#73 Eso te pasa por no haber estudiado. Lo siento, lo de Mota merecía una respuesta faemínica.
#59 me duele el cuello cuando duermo. Médico: "no duermas".
#76 Recueerda, el sarcasmo es un cáncer del ánimo. No puedes molestarme con esas pataletas, ya venimos curados de mucho los yayos. Sé feliz dentro y fuera de aquí, pero feliz de verdad. ¿Necesitas ayuda? Pídela sin pudor; dinero, poco, pero apoyo podemos darte. Envíame un privado y quedamos para ver qué podemos hacer.
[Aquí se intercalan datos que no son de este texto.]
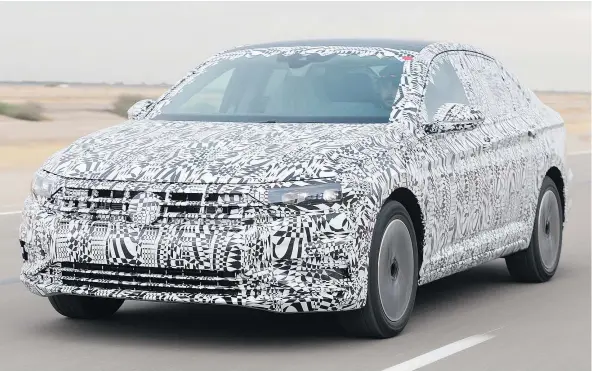  ?? — PHOTOS: VOLKSWAGEN ?? 2019 Volkswagen Jetta in camouflage. The seventh generation Jetta will be unveiled next month in Detroit.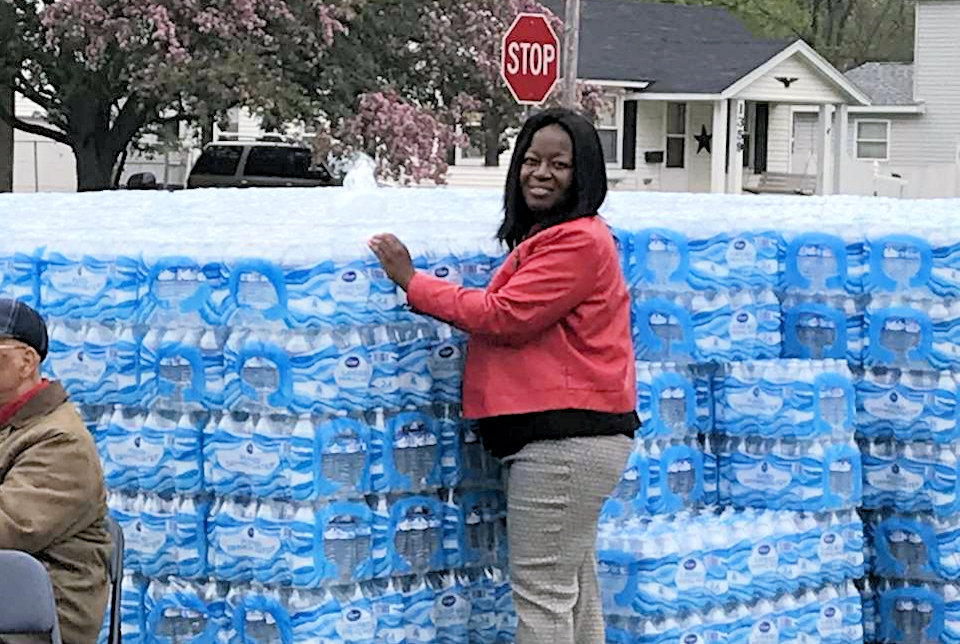 Loads of bottled water are still seen in parking lots three times a week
Al menos, te aseguro que mucha de tu mala baba desaparecerá.
Lo mismo para todos los que tengáis problemas y os reconcoman la moral; si no nos ayudamos unos a otros, no va a venir nadie a salvarnos. La mayoría de enfrentamientos en los foros anónimos se debe al volcado de las frustraciones cotidianas en este medio que facilita atacar a otros y repartir la mierda personal con un ventilador por aquello de "Mal de muchos, consuelo de tontos", que no es otra cosa que una reacción pasivo agresiva que siempre acaba en una espiral de autodestrucción del emisor.
Las charlas, ya sean con café o cerveza mediante, son altamente eficaces y terapéuticas porque permiten compartir los problemas y ansiedad con otros en lugar de dejar que se enquisten y nos amarguen la vida. Además, un efecto colateral del comportamiento pasivo agresivo que retroalimenta esa espiral de negatividad es que la gente huya de ti y te evite, reduciendo la posibilidad de recibir apoyo de alguien.
Y dejad de mirar el ranking de las narices; es como decía Drácula sobre los espejos, herramienta de la vanidad humana. ¿Necesitas medir tu valía con la de los otros por su "supuesta" popularidad? La popularidad es alimento ponzoñoso para el ego, lo que sirve es sentirse bien con uno mismo.
#75 Doctor, me duele aquí, aquí y aquí (señalándose con el dedo). ¿Qué tengo?
Doctor: Un dedo roto.
#77 jaja, se ve que hay alguno que le importa mucho en que invertimos el tiempo los demás...
#79 Aunque lo rechace ahora, vamos a reservarle plaza en esta valla. El tiempo vuela; ayer mismo, yo estaba corriendo delante de los maderos muy amargado y frustrado con quince años y no imaginaba dónde me iría a colocar el destino con su ironía.
Lo que hace falta es sacar todo el lastre que llevamos dentro hablando, hablando mucho, de lo que sea, aireando las ideas para tenerlas más claras y limpias. Hablar, reír, tocar... terapia colectiva de la mejor.
#83 Se intentó, dejo la puerta abierta.